Right at that point the PCIe Downstream Port probably is already back
runtime suspended.

Here you could try this:

# echo 250 > /sys/bus/pci/devices/0000:62:02.0/power/autosuspend_delay

No luck, I enlarged the number to 1000, but still can't recognize the
second tbt storage.

What about -1?

That's effectively same as blocking runtime PM completely so should work.

I tried to wake up the PCIe ports in the beginning of tb_tunnel_pci() and
it works.

+       pdev = pci_get_domain_bus_and_slot(0, 0x62, PCI_DEVFN(0x02, 0));
+       if (pdev) {
+               if (pdev->dev.power.runtime_status == RPM_SUSPENDED)
+                       pm_runtime_get_sync(&pdev->dev);
+               pci_dev_put(pdev);
+       }

But I can't find a generic way to get the bus and slot number, and
would you consider this a feasible approach?

No I don't want any (more) PCI related hacks in the driver.

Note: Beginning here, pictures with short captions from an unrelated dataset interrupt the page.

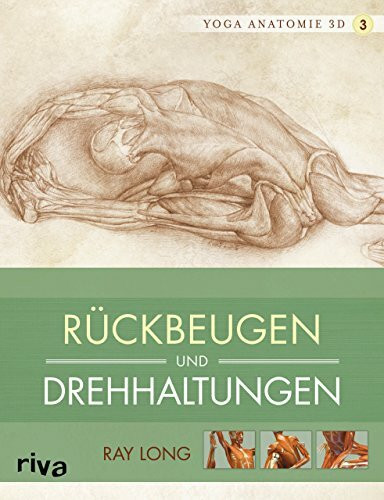 Yoga-Anatomie 3D: Rückbeugen und Drehhaltungen (Yoga-Anatomie 3D Grundhaltungen, Band 3)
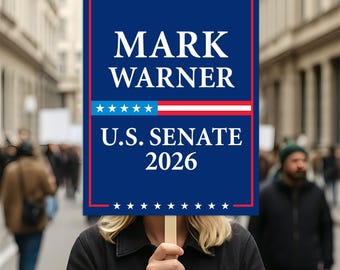 Mark Warner For Virginia Senate 2026 Election Sign, Anti-Trump Sign, Political Campaign Sign, Senate Election 2026 Race Poster Sign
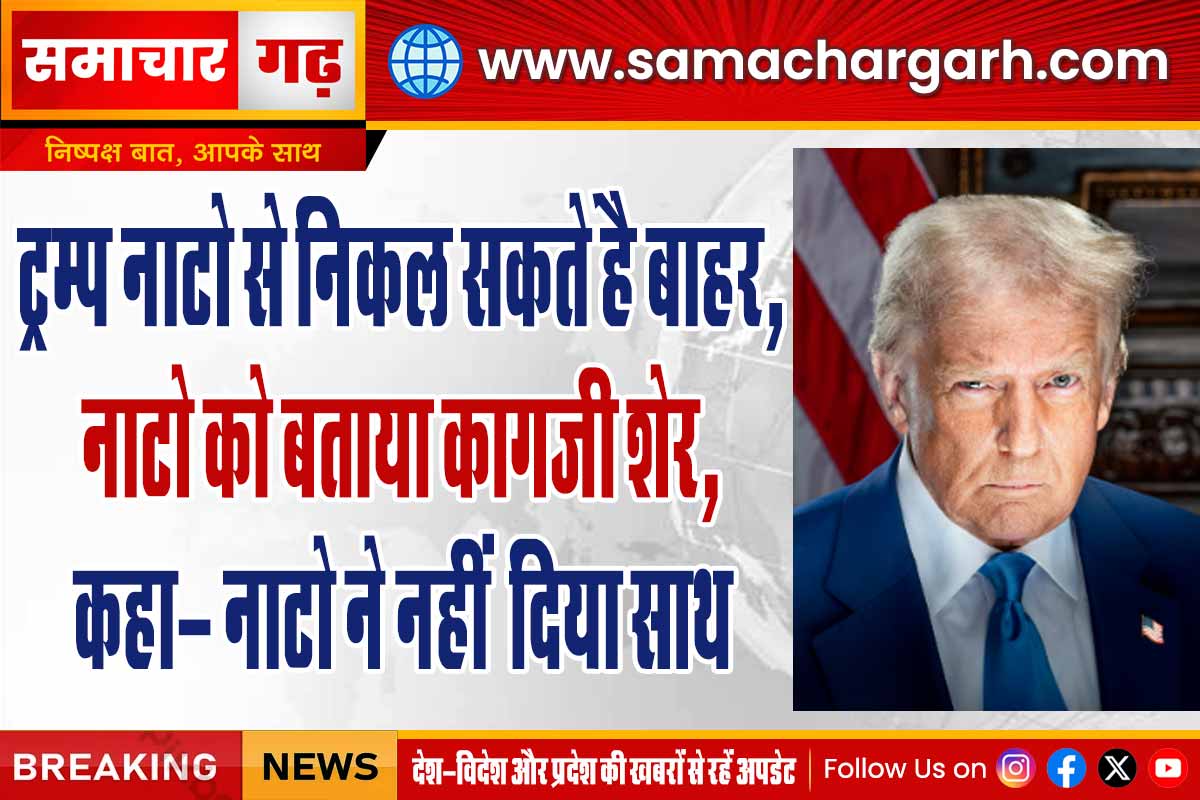 ट्रम्प नाटो से निकल सकते है बाहर, नाटो को बताया कागजी शेर, कहा- नाटो ने नहीं दिया साथ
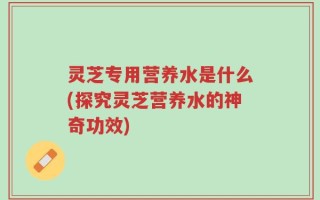 灵芝专用营养水是什么(探究灵芝营养水的神奇功效)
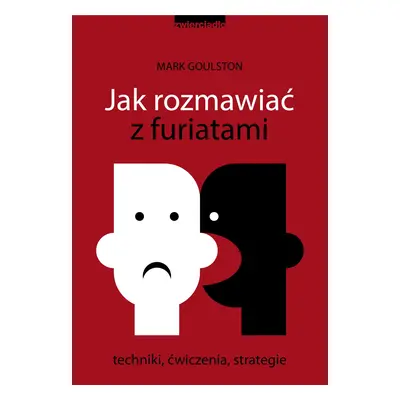 Jak rozmawiać z furiatami. Techniki, ćwiczenia, strategie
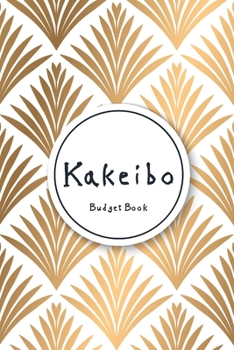 Paperback Kakeibo Budget Book: Personal expense journal tracker - monthy goals - Bookkeeping - log book accounting. 6"x9" Book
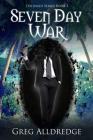 Seven Day War: The Ostinato Series Book Three By Greg Alldredge Cover Image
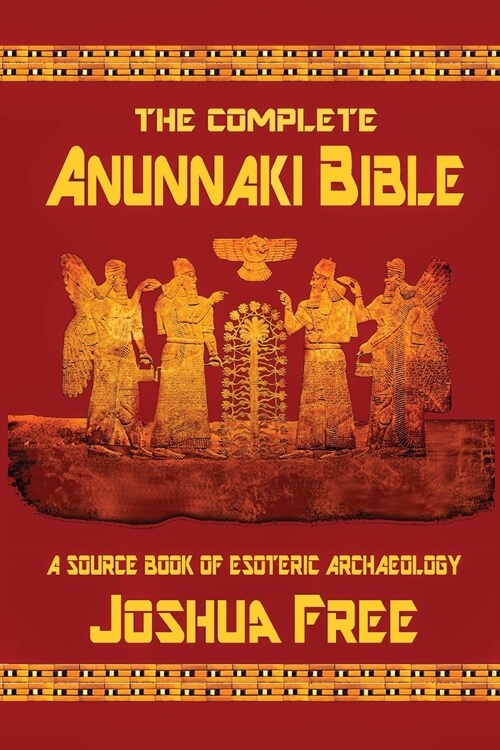 The Complete Anunnaki Bible: A Source Book of Esoteric Archaeology (Paperback, 10, Anniversary)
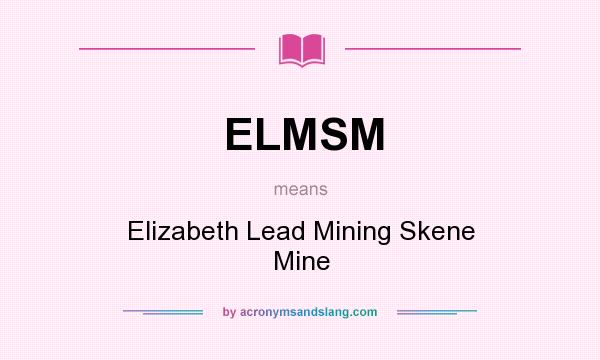 What does ELMSM mean? It stands for Elizabeth Lead Mining Skene Mine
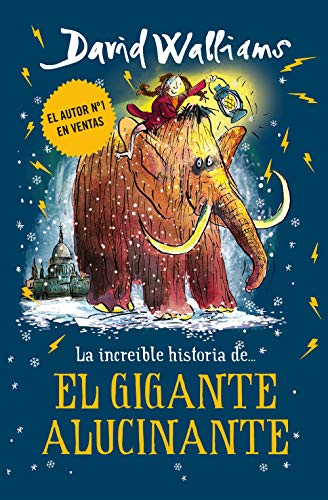 La increíble historia de... - El gigante alucinante (Colección David Walliams)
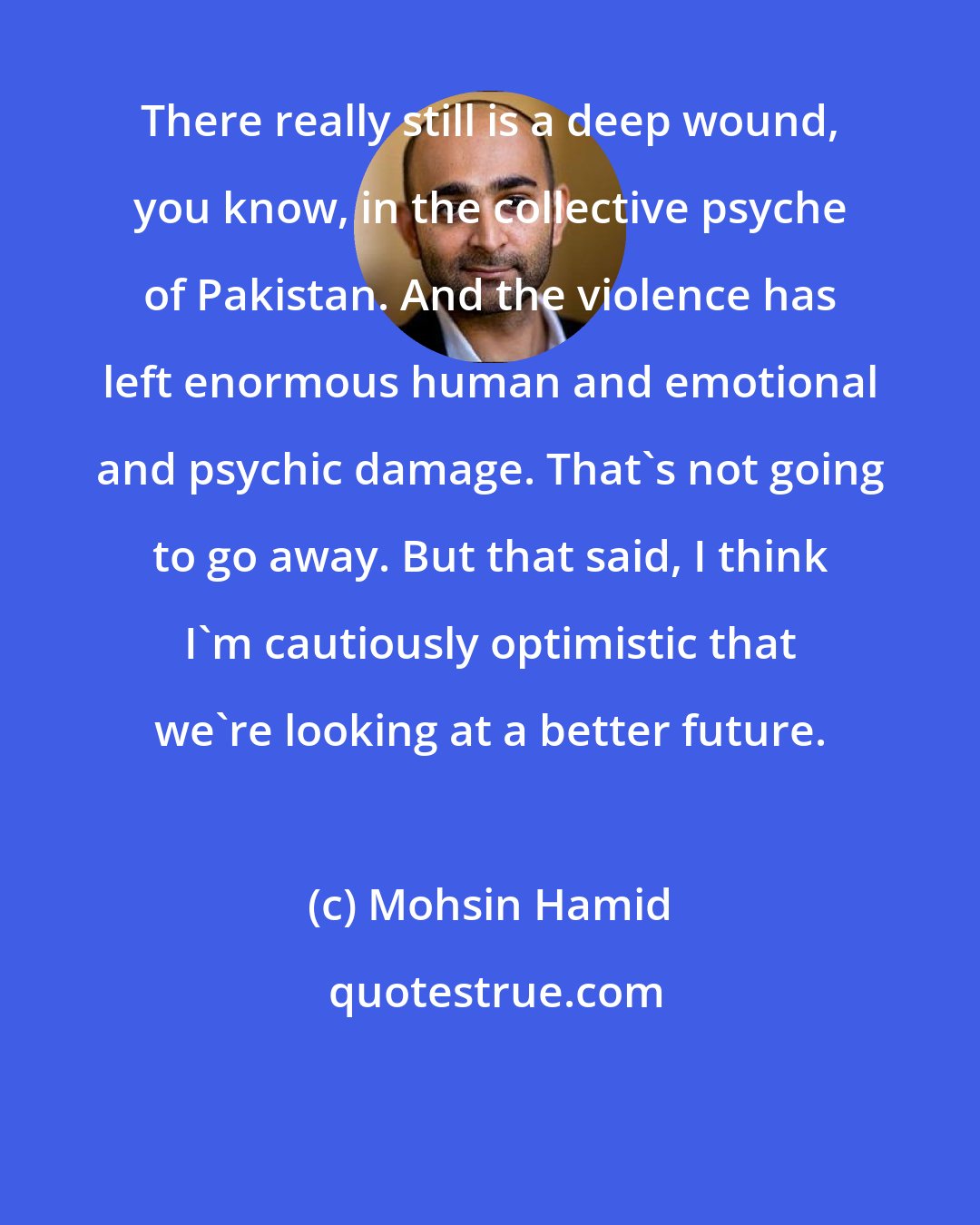 Mohsin Hamid: There really still is a deep wound, you know, in the collective psyche of Pakistan. And the violence has left enormous human and emotional and psychic damage. That's not going to go away. But that said, I think I'm cautiously optimistic that we're looking at a better future.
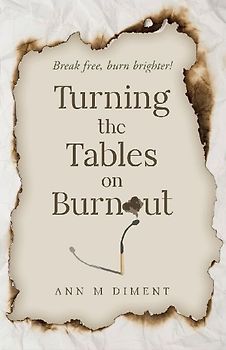 Turning the Tables on Burnout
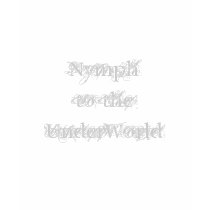 Nymph to the UnderWorld t-shirts by lockdowndesigns Nymph to the UnderWorld t-shirts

This is not a TB issue, it's a PCIe issue. I suspect it has something to do
with handling PME/GPE on AMD side. Essentially when runtime PM is blocked
the PCIe hotplug driver notices the tunnel just fine. When it is runtime
suspended (e.g D3) it should send PME to the root complex that the brings
the topology up so that the hotplug driver can detect the presence but this
does not seem to happen.

If you enable dynamic debugging of pciehp, do you see anything happening
when you create the second PCIe tunnel? I suspect not.

From what I see above I agree this does seem like a PME delivery issue of some sort. Any chance you can put this on a PCIe analyzer and confirm whether the PME was ever sent?

We could reproduce the behavior on our side using a USB4 hub and two NVME disks. Keeping the root port for tunneling at D0 (turning off runtime PM) avoided it.

In cross referencing an Intel system (Intel Core Ultra 200V) we saw that it couldn't reproduce. But looking at differences we noticed the root port for tunneling on this system stayed at D0 the entire time. Is that expected?